Track 1: The Okee Dokee Brothers
The trees were littered with crudely hung ropes, the grassy lawn home to hand-crafted bows and arrows staged for the pair of young boys to run through with their stories and grab the purposefully placed props. Joe Mailander and Justin Lansing, aka The Okee Dokee Brothers, have been collaborating around stories since childhood. Collaboration defines them, and their efforts in songwriting, performing, and storytelling are why the pair are now authors as well.
“We loved to tap into imagination that entertains, to write our own stories in our heads,” Joe says. As kids growing up in the suburbs of Denver, Colorado, the pair acted out timeless stories, made up new versions of age-old folktales, and lived in a world of their own making. Now, as Grammy-winning musicians of children’s folk songs, much of the recipe remains the same. They write songs that include reference to something outside, something mimicking a grander story, and always the two of them.
“It’s natural for people to think it would be easier to do this type of work alone, but we’ve always been proven wrong. It’s a better product when we put it through our creative relationship,” Joe says.
From the backyard games to a variety of musical stages and movie creations, the duo has shared their stories by offering their audiences a visual and musical experience. Some of the songs/stories that have been a part of their experience have finally found their way to the pages of a book, Can You Canoe? And Other Adventure Songs, a collection of songs from four song albums chronicling the pair’s adventures on a river, in the mountains, camping near lakes, and wandering around the world making new stories. It wasn’t the book The Okee Dokee Brothers initially proposed to publishers, however.

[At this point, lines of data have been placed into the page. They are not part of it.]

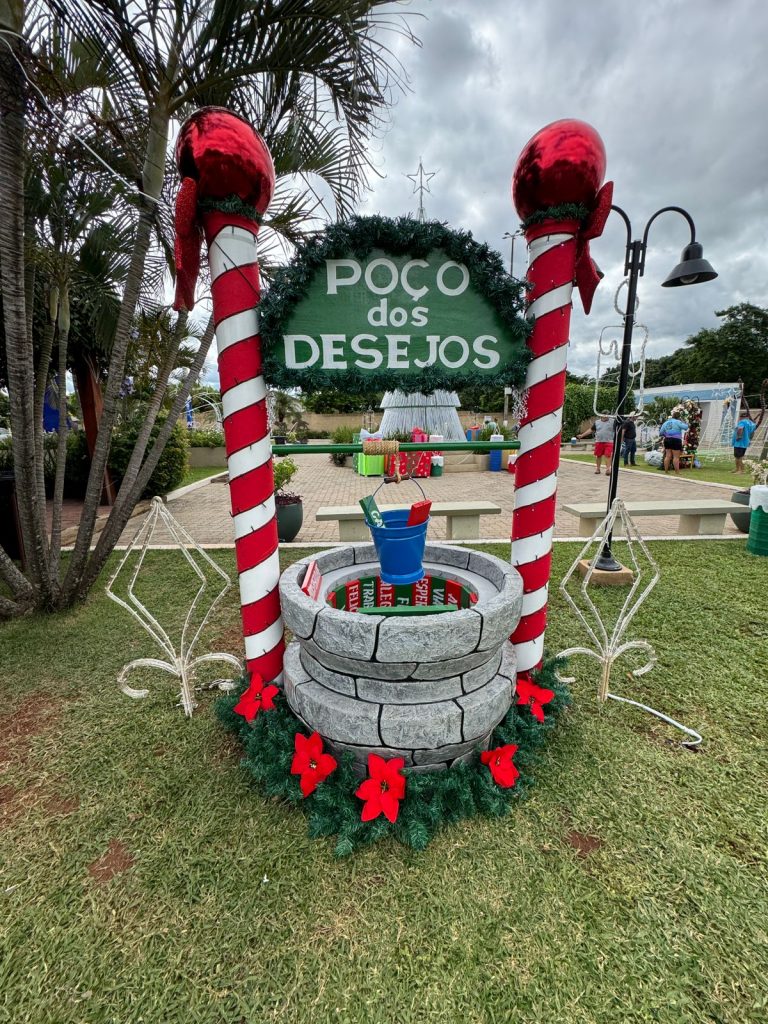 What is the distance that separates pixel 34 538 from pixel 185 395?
1643 mm

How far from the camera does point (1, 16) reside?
7.49 ft

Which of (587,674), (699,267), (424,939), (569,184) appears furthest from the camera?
(699,267)

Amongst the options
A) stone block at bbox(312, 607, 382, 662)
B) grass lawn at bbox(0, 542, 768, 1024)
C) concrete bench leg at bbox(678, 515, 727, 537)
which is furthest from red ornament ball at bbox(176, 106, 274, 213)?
concrete bench leg at bbox(678, 515, 727, 537)

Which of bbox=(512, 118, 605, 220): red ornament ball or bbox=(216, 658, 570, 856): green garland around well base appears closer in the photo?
bbox=(216, 658, 570, 856): green garland around well base

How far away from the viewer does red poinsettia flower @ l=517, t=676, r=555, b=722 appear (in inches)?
90.3

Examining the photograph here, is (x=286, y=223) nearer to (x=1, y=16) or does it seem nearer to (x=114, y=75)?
(x=114, y=75)

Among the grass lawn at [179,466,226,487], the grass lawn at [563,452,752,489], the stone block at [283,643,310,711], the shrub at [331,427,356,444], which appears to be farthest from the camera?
the shrub at [331,427,356,444]

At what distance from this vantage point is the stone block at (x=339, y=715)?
1.79 metres

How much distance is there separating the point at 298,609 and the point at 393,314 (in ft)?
4.67

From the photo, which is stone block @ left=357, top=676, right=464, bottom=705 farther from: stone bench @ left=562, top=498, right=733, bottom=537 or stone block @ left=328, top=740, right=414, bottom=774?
stone bench @ left=562, top=498, right=733, bottom=537

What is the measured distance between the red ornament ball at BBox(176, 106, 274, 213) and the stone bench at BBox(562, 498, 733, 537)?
195 inches

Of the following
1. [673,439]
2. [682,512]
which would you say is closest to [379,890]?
[682,512]

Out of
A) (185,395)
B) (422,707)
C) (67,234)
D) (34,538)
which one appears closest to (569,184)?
(422,707)

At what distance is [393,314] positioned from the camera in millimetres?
2080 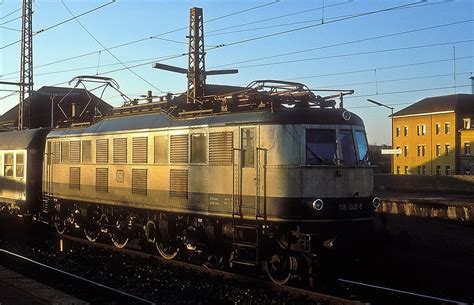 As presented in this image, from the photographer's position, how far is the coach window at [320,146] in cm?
1068

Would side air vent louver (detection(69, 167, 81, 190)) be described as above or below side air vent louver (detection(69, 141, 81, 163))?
below

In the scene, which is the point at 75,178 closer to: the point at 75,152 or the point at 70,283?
the point at 75,152

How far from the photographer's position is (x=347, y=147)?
36.4 ft

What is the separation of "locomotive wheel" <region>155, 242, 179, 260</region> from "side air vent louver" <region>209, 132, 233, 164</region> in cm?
284

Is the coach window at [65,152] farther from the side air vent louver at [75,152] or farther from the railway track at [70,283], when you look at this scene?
the railway track at [70,283]

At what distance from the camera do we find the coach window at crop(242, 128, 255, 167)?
11172 millimetres

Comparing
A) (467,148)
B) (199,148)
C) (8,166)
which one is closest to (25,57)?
(8,166)

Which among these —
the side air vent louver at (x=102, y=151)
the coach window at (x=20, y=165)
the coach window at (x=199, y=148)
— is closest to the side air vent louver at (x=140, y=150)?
the side air vent louver at (x=102, y=151)

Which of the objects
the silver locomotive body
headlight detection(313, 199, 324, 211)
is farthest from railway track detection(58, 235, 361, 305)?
headlight detection(313, 199, 324, 211)

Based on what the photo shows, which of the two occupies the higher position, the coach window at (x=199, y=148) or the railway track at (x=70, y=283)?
the coach window at (x=199, y=148)

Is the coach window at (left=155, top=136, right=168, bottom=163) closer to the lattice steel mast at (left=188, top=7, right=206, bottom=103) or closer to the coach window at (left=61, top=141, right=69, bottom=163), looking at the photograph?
the coach window at (left=61, top=141, right=69, bottom=163)

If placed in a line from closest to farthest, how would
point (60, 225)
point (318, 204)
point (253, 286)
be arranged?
point (318, 204) < point (253, 286) < point (60, 225)

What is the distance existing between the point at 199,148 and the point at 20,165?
10959 millimetres

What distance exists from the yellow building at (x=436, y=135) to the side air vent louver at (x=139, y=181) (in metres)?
68.2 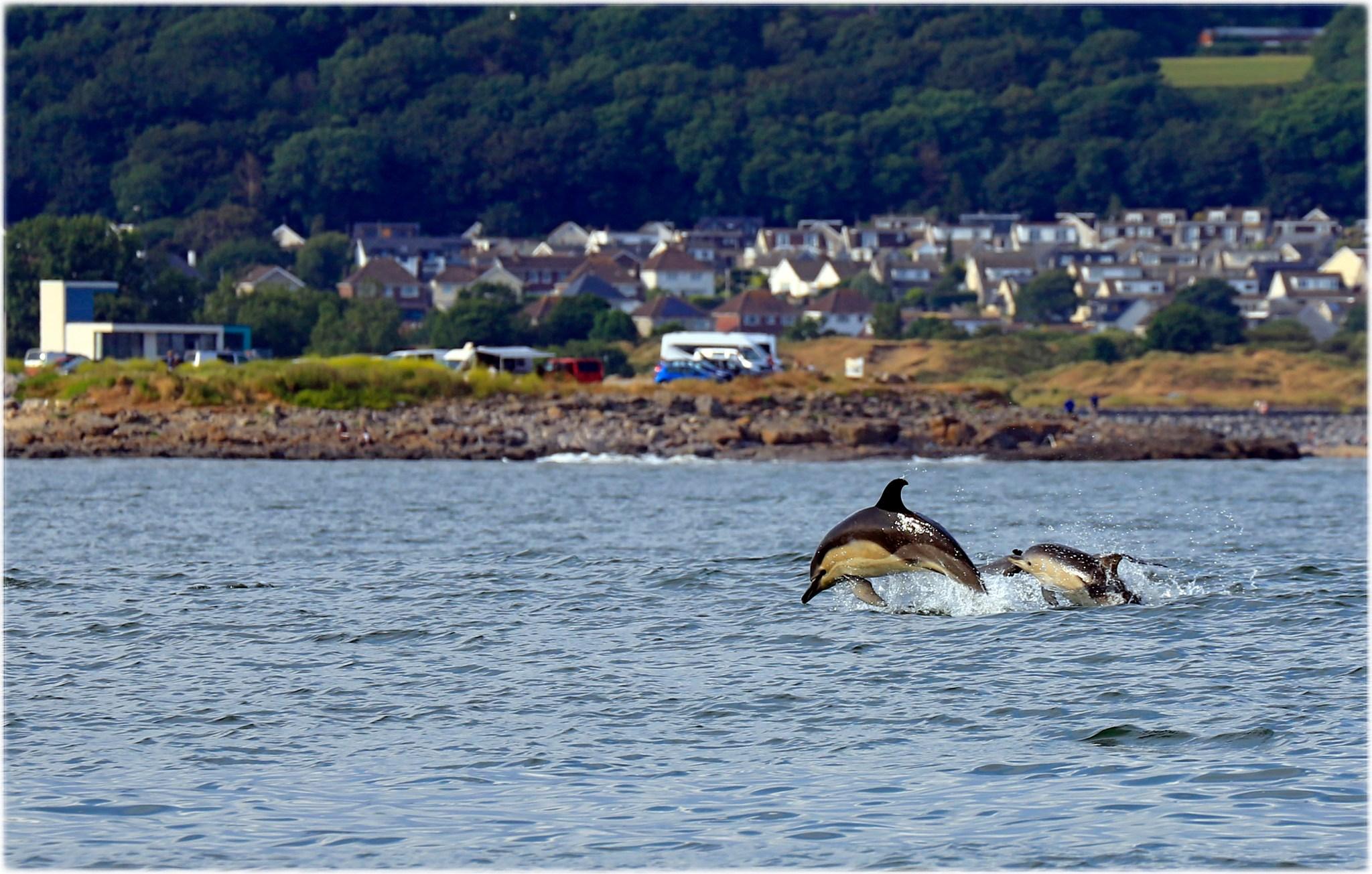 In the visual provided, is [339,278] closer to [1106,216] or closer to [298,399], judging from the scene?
[1106,216]

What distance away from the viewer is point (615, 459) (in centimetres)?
5094

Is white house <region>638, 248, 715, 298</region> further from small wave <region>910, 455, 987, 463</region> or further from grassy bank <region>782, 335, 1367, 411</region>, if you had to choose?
small wave <region>910, 455, 987, 463</region>

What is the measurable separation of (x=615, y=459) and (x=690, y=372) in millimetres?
16078

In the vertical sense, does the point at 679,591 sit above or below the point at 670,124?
below

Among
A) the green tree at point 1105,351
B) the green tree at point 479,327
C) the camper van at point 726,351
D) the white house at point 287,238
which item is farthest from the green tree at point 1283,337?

The pair has long shared an idea to rewrite the “happily ever after stories” into stories that end “simply ever after” instead. They sent the first manuscript of reworked folktales to a publisher, and the publisher counter-proposed with a two-book deal. They wanted to publish a book of their songs first and then publish the storybook manuscript.
Can You Canoe? provides a “one stop shop for what we’ve done over the last six years,” Joe says, and with compelling illustrations by Brandon Reese, the stories become something even more. “It told a story we couldn’t tell with just music. There are stories in each illustration and when lyrics are on a page you can study what the words mean. It’s a different way to consume stories.”

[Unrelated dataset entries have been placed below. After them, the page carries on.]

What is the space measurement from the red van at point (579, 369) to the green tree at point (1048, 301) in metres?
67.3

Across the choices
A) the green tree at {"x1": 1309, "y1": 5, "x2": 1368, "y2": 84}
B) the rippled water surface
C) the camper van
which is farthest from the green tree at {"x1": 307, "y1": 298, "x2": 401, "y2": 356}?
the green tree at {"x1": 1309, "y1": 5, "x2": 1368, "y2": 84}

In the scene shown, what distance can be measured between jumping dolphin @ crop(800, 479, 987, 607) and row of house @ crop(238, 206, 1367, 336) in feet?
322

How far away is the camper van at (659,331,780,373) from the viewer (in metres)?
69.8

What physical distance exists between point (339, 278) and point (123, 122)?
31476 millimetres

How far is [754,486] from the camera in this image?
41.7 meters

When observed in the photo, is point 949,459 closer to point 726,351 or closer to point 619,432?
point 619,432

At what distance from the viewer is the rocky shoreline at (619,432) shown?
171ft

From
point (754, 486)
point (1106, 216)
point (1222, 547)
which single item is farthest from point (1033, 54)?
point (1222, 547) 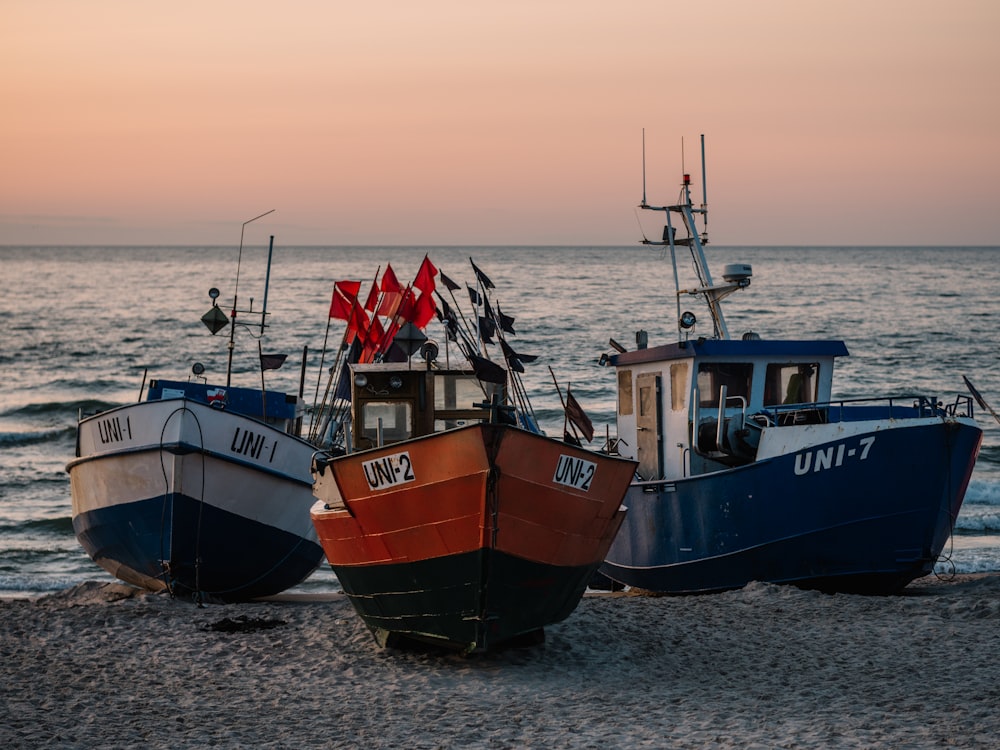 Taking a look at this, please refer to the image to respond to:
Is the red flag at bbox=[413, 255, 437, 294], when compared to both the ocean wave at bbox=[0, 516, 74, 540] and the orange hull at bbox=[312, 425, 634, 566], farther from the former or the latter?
the ocean wave at bbox=[0, 516, 74, 540]

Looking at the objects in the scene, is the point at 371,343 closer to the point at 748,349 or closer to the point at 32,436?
the point at 748,349

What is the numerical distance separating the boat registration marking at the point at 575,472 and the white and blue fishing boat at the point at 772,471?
3.76 metres

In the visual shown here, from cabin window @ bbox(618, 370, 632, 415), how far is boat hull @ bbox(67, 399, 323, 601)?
4.25 metres

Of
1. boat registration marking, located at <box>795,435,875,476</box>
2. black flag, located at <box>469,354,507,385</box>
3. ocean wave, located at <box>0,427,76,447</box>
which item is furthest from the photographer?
ocean wave, located at <box>0,427,76,447</box>

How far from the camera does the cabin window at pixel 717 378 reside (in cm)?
1546

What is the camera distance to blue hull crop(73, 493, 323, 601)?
14594 millimetres

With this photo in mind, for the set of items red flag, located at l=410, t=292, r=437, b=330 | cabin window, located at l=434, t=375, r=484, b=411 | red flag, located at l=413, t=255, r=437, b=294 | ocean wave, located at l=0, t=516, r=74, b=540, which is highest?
red flag, located at l=413, t=255, r=437, b=294

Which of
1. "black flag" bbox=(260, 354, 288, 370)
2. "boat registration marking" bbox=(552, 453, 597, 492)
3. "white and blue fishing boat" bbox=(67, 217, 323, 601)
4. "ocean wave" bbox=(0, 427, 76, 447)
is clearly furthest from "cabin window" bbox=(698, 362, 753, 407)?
"ocean wave" bbox=(0, 427, 76, 447)

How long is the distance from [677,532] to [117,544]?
262 inches

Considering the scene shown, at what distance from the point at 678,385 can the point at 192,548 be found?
6.10 metres

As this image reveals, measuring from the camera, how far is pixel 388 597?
11.1 meters

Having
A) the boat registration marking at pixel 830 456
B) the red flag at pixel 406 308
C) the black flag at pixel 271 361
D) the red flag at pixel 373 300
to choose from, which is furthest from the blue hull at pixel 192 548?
the boat registration marking at pixel 830 456

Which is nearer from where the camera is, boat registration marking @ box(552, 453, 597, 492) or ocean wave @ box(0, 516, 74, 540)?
boat registration marking @ box(552, 453, 597, 492)

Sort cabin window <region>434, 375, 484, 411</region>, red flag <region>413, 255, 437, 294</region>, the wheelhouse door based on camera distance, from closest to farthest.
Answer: cabin window <region>434, 375, 484, 411</region>
red flag <region>413, 255, 437, 294</region>
the wheelhouse door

The book contains a CD and a map of where the two of them traveled and where they worked together to write each song/story. It’s a collaborative experience in life and on paper and one they hope to continue through songwriting, performing, storytelling, and book writing…together.
It will remain a collaborative venture. “In each creation,” Joe says, “the other one always makes it 100 percent better. We have a much better chance of connecting with people if we stick together.”
The Okee Dokee Brothers’ second book, Thousand Star Hotel, releases in spring 2017 and will continue the journey they began long ago…in a land not so far away.
Track 2: Korby Lenker
Korby Lenker wears striped socks and leaves car doors open overnight during snow storms. He improvises when he forgets his guitar strap and engages with the people who attend his small-venue gigs. Korby is a musician with stories. He also plans to be a novelist. He hopes to fashion himself in the likes of Tolstoy or Hemingway or Steinbeck. But until that happens… he plays music.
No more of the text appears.